Although the data below contains pictures, please reproduce only its words, exactly.

□ □ □ □ □

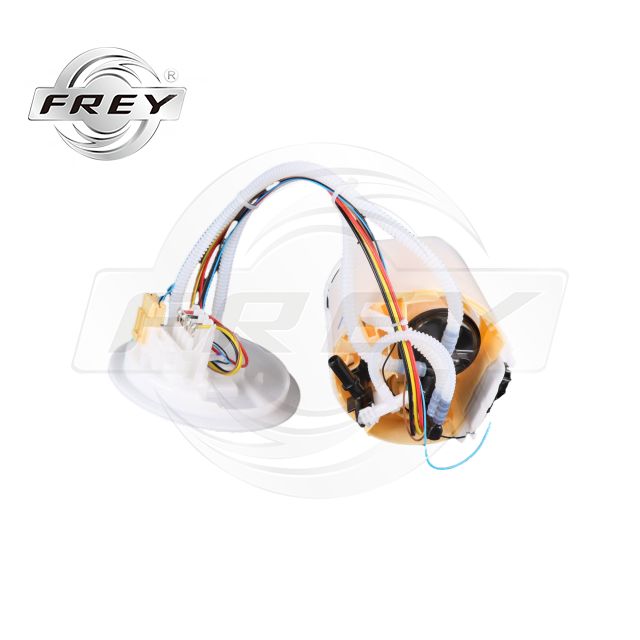 FREY BMW 16119468604 Auto AC and Electricity Parts Fuel Pump Module Assembly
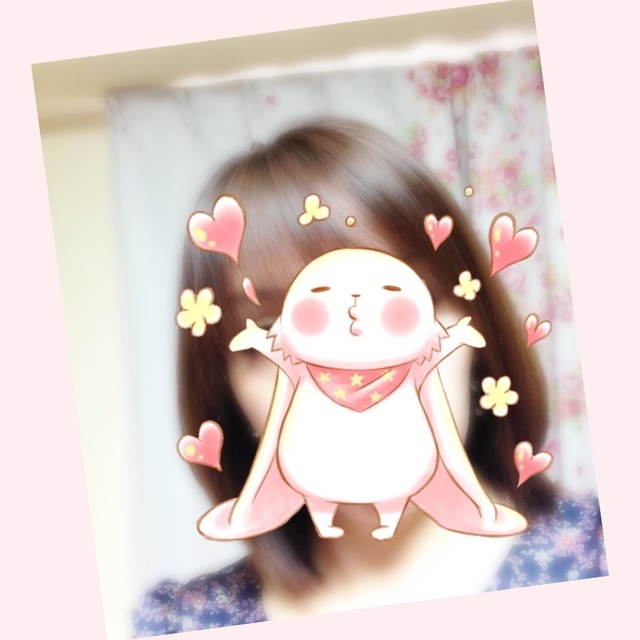 あめ〜｜写メ日記｜つばき｜鶯谷 人妻デリヘル 人妻花かんざし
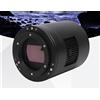 Giordano® GIO-455C - Camera Astronomica a Colori Full Frame Raffreddata Sony IMX455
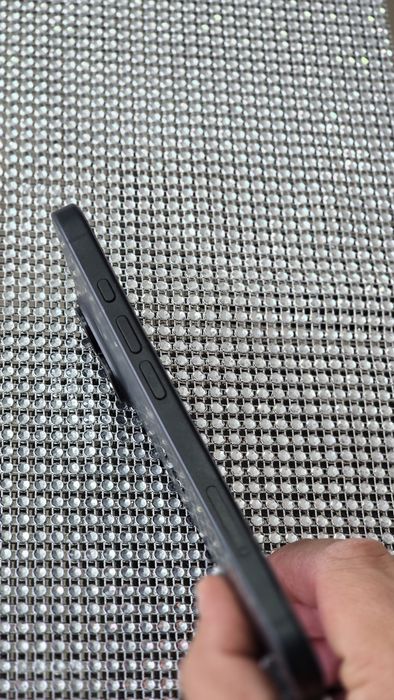 Iphone 16 / 128GB БАТЕРИЯ 100%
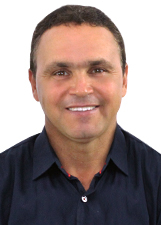 Foto de Paulo da Natividade Silva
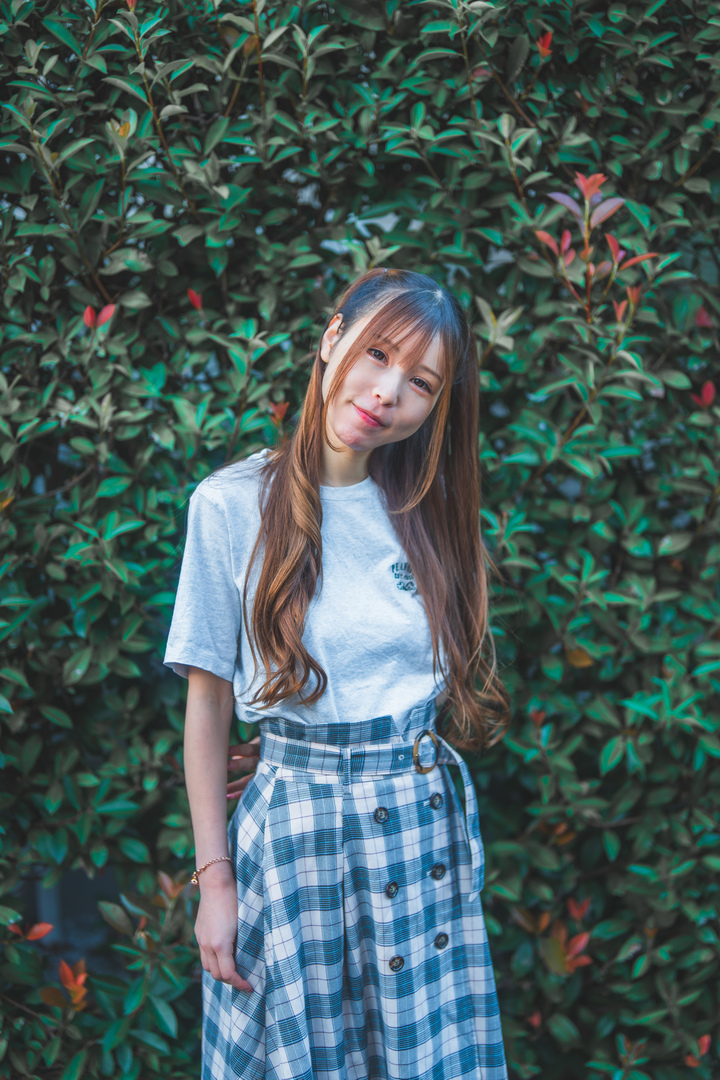 Thumb 42159bf6 eaa9 405a 9387 50ca18db6fa0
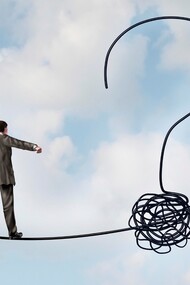 L’incertitude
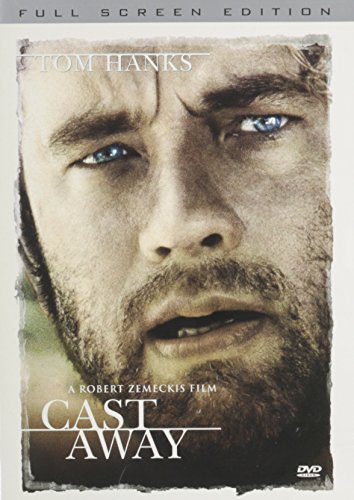 CAST AWAY - 2279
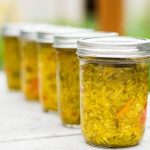 Unbelievable-Secret-Recipe-Grandmas-Zucchini-Relish-A-Family-Heirloom-That-Will-Blow-Your-Mind
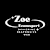 Zoe E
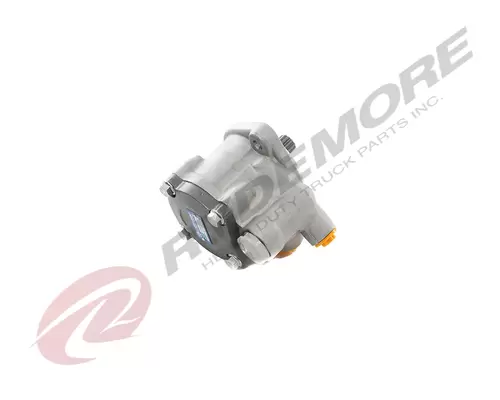 TRW/ROSS EV Power Steering Pump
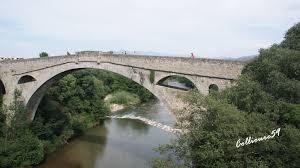 Epingle Sur Ponts Et Viaducs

□ □ □ □ □

◆ RESPONSE:
 FREY BMW 16119468604 Auto AC and Electricity Parts Fuel Pump Module Assembly
 あめ〜｜写メ日記｜つばき｜鶯谷 人妻デリヘル 人妻花かんざし
 Giordano® GIO-455C - Camera Astronomica a Colori Full Frame Raffreddata Sony IMX455
 Iphone 16 / 128GB БАТЕРИЯ 100%
 Foto de Paulo da Natividade Silva
 Thumb 42159bf6 eaa9 405a 9387 50ca18db6fa0
 L’incertitude
 CAST AWAY - 2279
 Unbelievable-Secret-Recipe-Grandmas-Zucchini-Relish-A-Family-Heirloom-That-Will-Blow-Your-Mind
 Zoe E
 TRW/ROSS EV Power Steering Pump
 Epingle Sur Ponts Et Viaducs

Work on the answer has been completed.